(ASSIGNED TASK) Starting with the line that has "Ensemble de puzzle animaux de près" in the records below and stopping after the line that has "VEVOR Hogedrukreiniger op", output every line exactly and nothing else; skip pictures.

(RECORDS FOR THE EXERCISE)

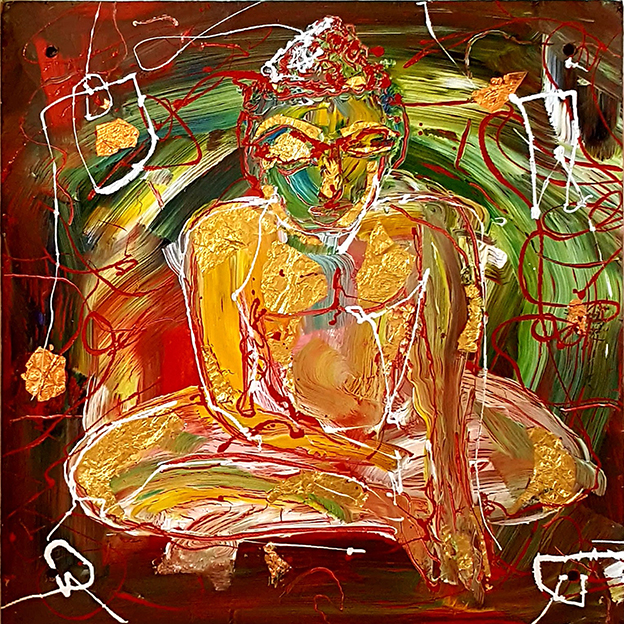 Sitting Buddha painting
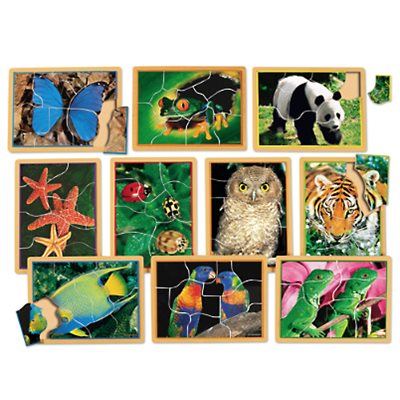 Ensemble de puzzle animaux de près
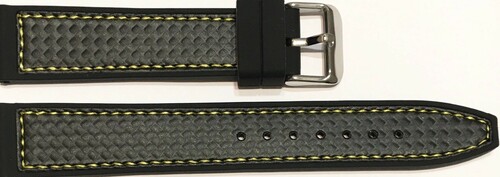 Pasek silikonowy wzór karbon 18 mm czarny z żółtym przeszyciem 1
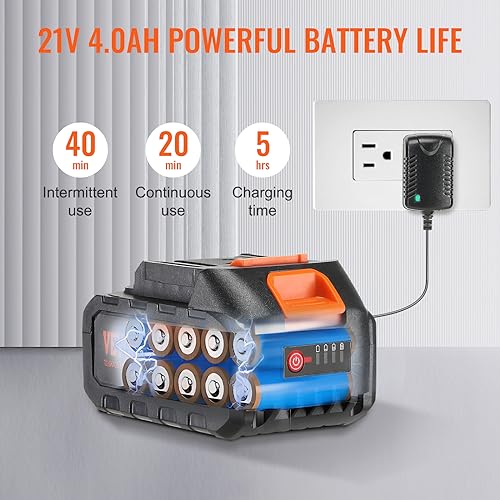 VEVOR Hogedrukreiniger op accu, draadloos, 21 V, krachtige reiniger, draagbaar, 580 psi, 40 bar, elektrische wasmachine, 4 l/min, accu 4,0 Ah, oplader voor het reinigen van terras, tuin, auto - Afbeelding 6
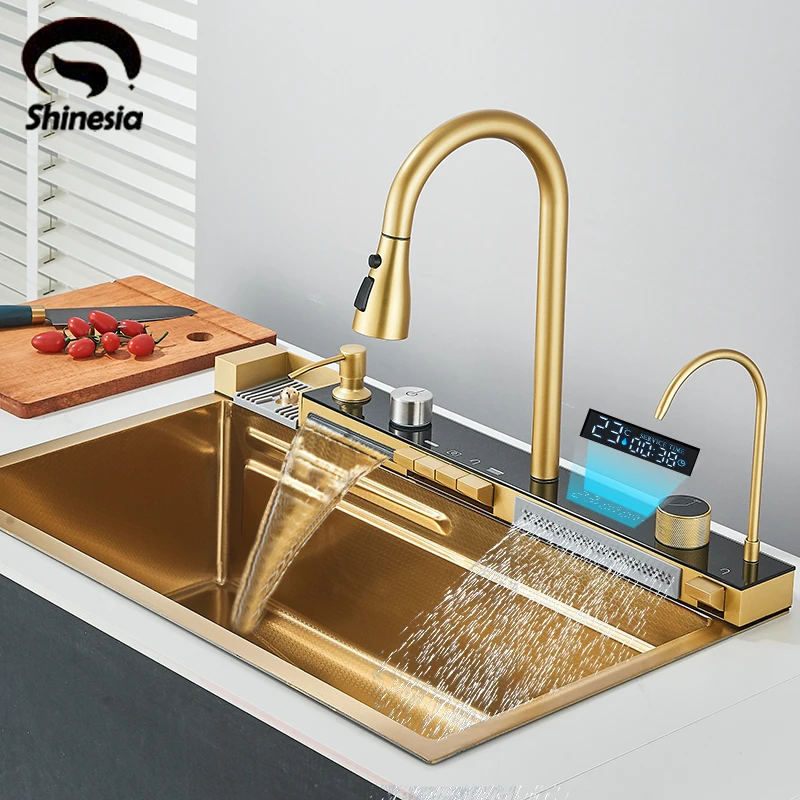 Shinesia 201Stainless Steel Kitchen Sink Double Waterfall Single Slot Digital Display Faucet Set Soap dispenser Cup Washer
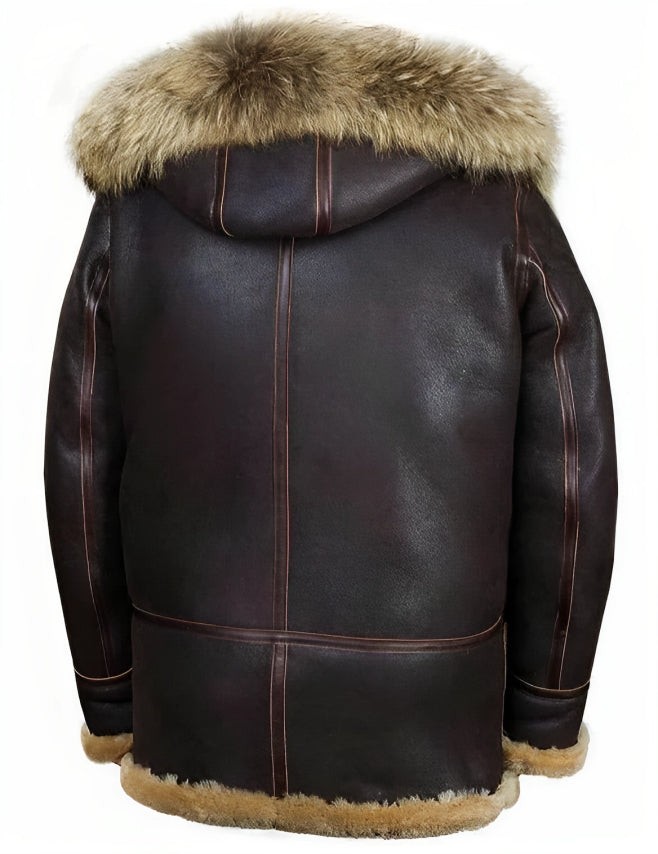 Elegante leren winterjas voor heren met ultieme warmte en tijdloze stijl | William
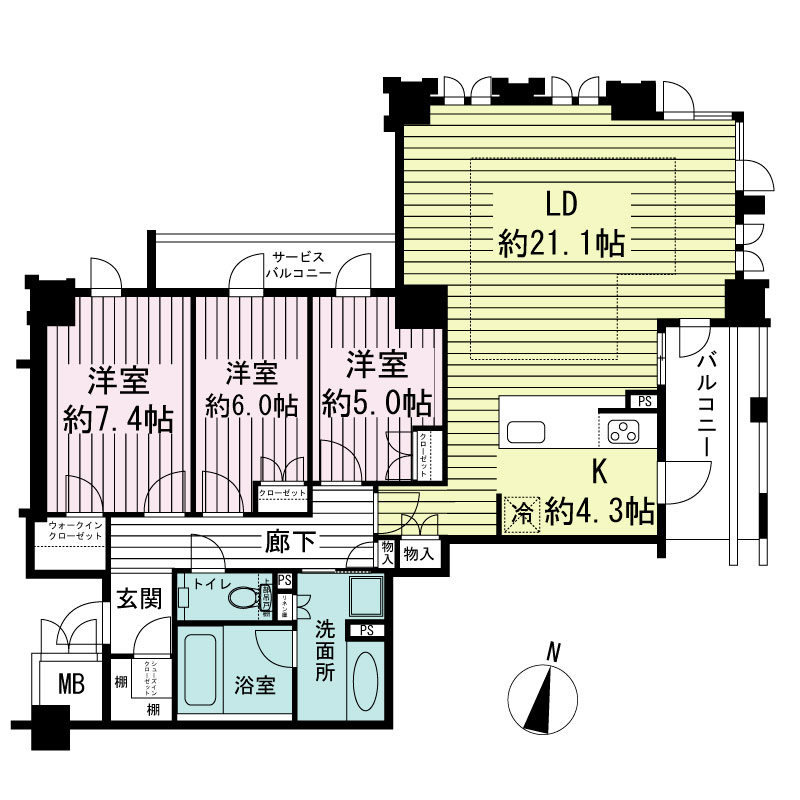 シエリア神戸北野坂の間取り図 Gタイプ・3LDK
専有面積93.39m2
バルコニー面積7.05m2
サービスバルコニー面積4.50m2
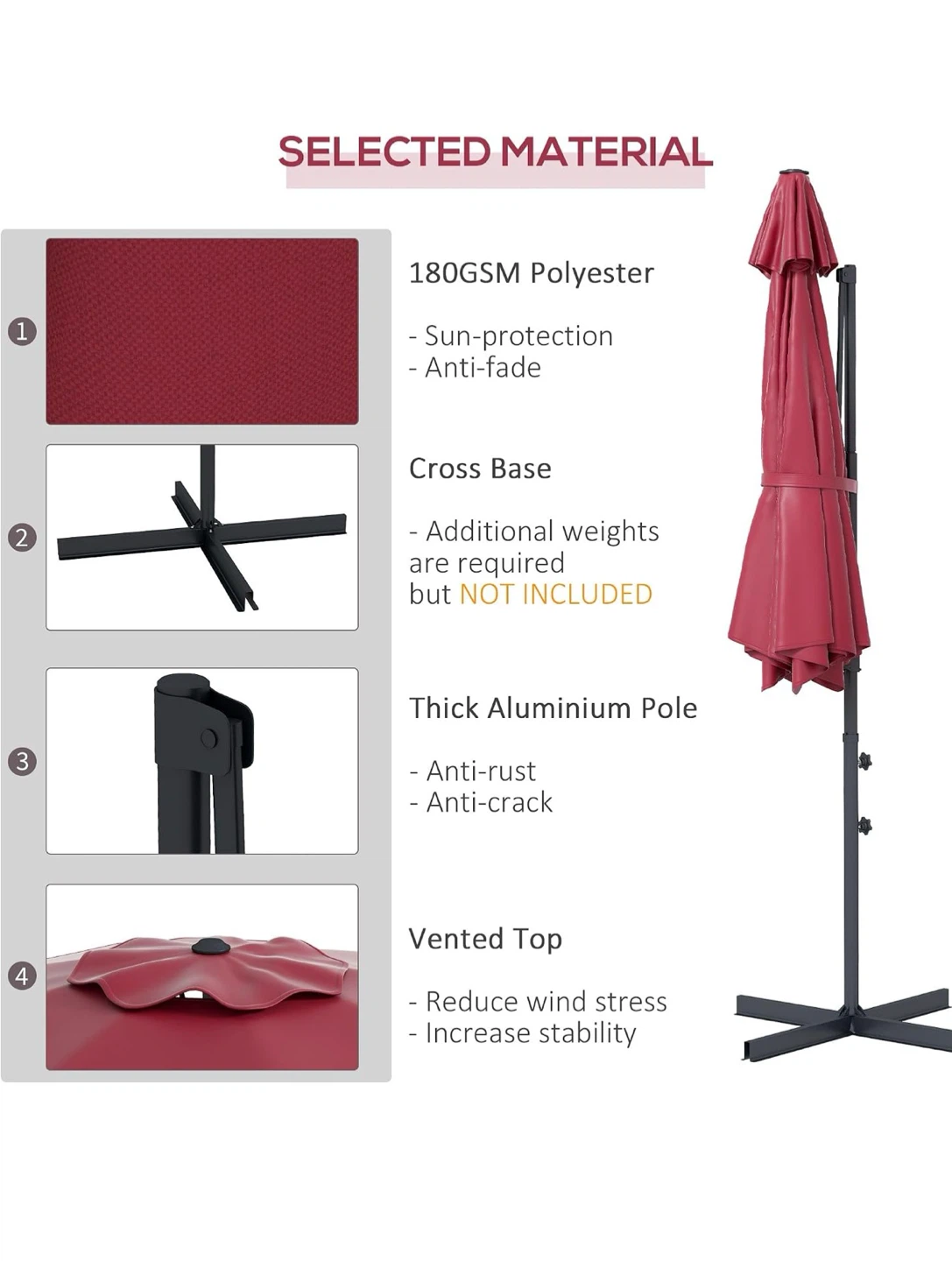 Outsunny 10 FT Cantilever Patio Umbrella - photo 3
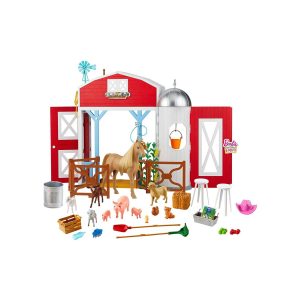 Mattel GJB66 - Barbie - Sweet Orchand Farm - „Spaß auf dem Bauernhof“ Pferdehof Spielset mit Scheune; keine Puppe enthalten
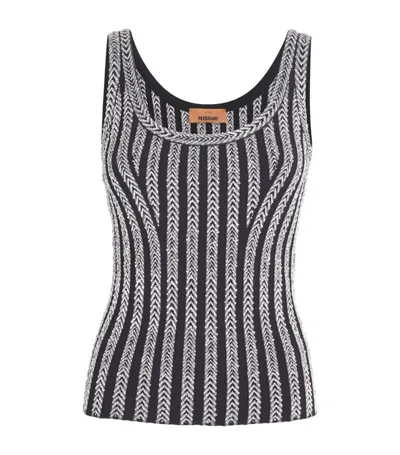 Missoni Sequin-embellished Ribbed-knit Tank In Printed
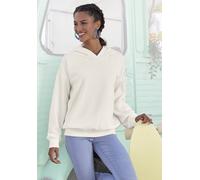 Hoodie BUFFALO, Damen, Gr. 36/38, beige (creme), Sweatware, Obermaterial: 60% Baumwolle, 40% Polyester, bedruckt, unifarben, Basic, bequem hüftlang, Raglanärmel breiter Bund, Sweatshirts Hoodie, Kapuz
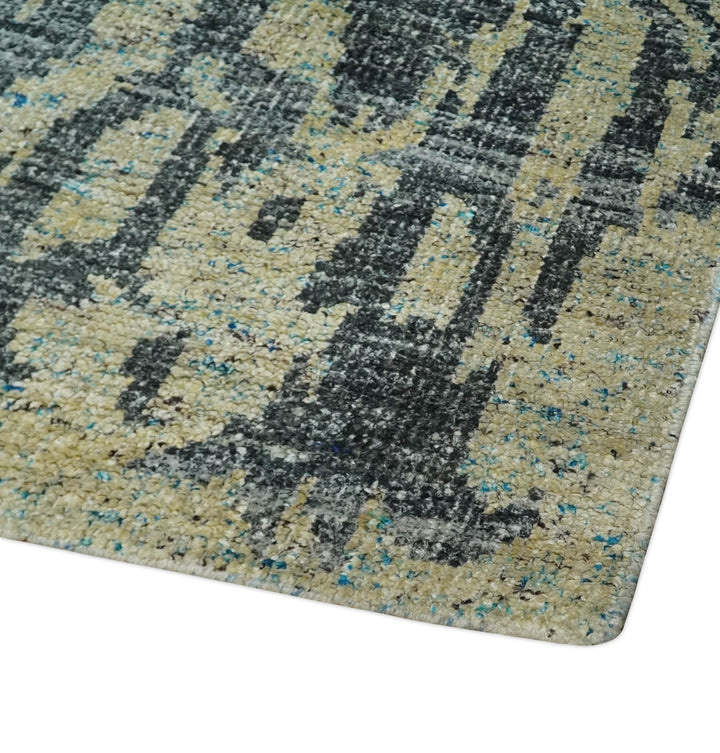 4.5x6.5 Hand Knotted Beige, Camel and Charcoal Modern Abstract Contemporary Recycled Silk Area Rug | OP127 - The Rug Decor
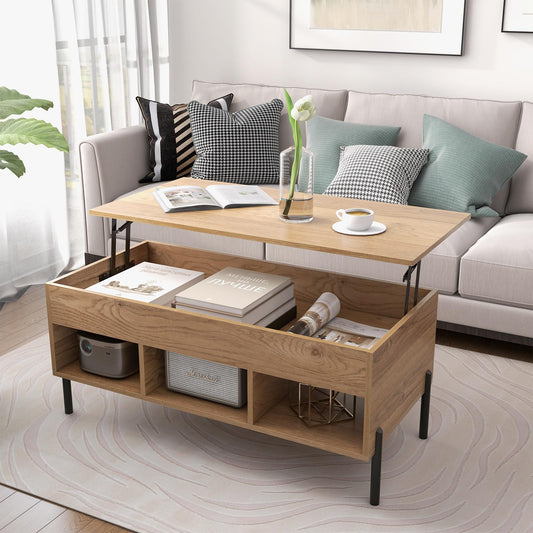 Giantex Lift Top Coffee Table - Rectangular Wooden Table w/Hidden Compartment & Open Storage Shelves, Multifunctional Modern Flip Top Center Table for Living Room, Reception Room, Office (Natural)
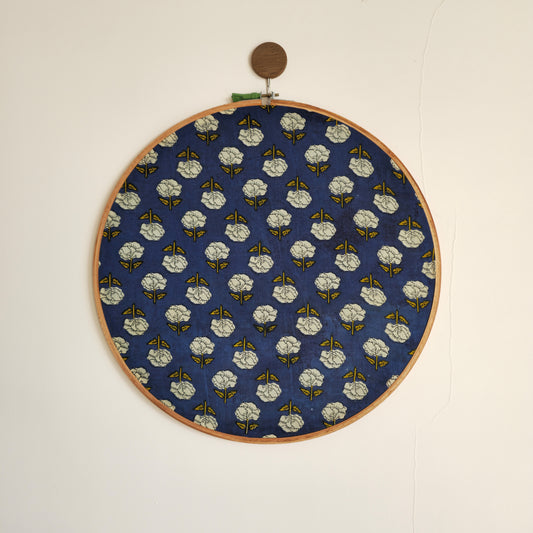 Blue Floral Print Embroidery Hoop Wall Decor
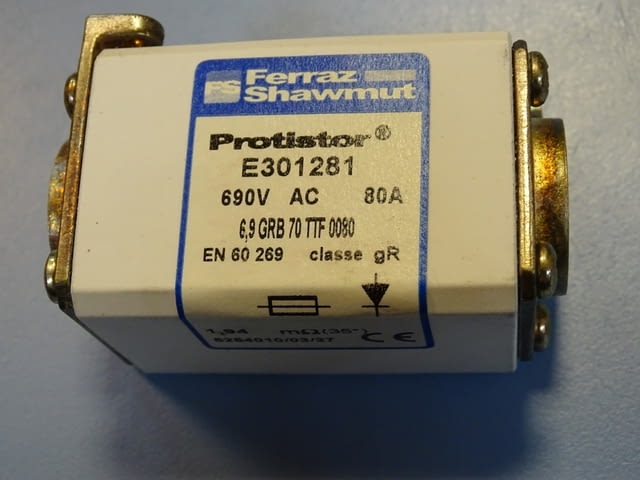 Предпазител Ferraz Shawmut Protistor E301281 Fuses 6.9GRB70TTF0080 80A 690VAC - снимка 5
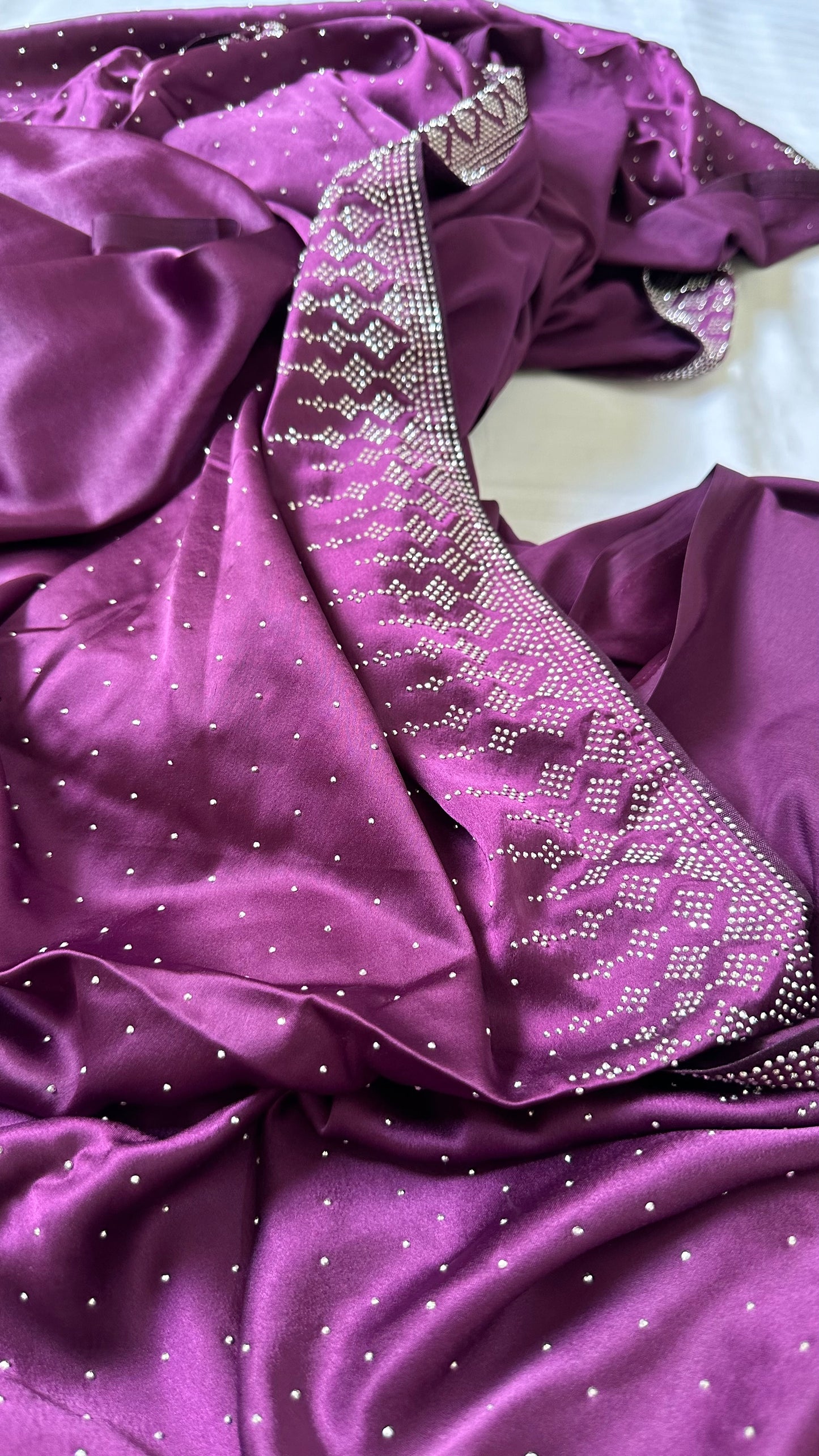 Purple Zarkan Satin Saree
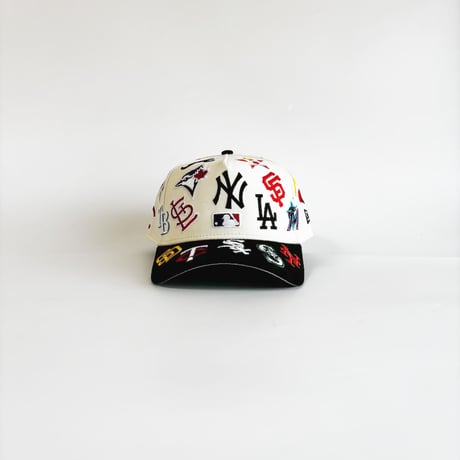 USA買付　NEW ERA 9FORTY A-Frame MLB Multi Logo Natural / Black Cap  NE-39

(RESULT FOR THIS TASK)
 Ensemble de puzzle animaux de près
 Pasek silikonowy wzór karbon 18 mm czarny z żółtym przeszyciem 1
 VEVOR Hogedrukreiniger op accu, draadloos, 21 V, krachtige reiniger, draagbaar, 580 psi, 40 bar, elektrische wasmachine, 4 l/min, accu 4,0 Ah, oplader voor het reinigen van terras, tuin, auto - Afbeelding 6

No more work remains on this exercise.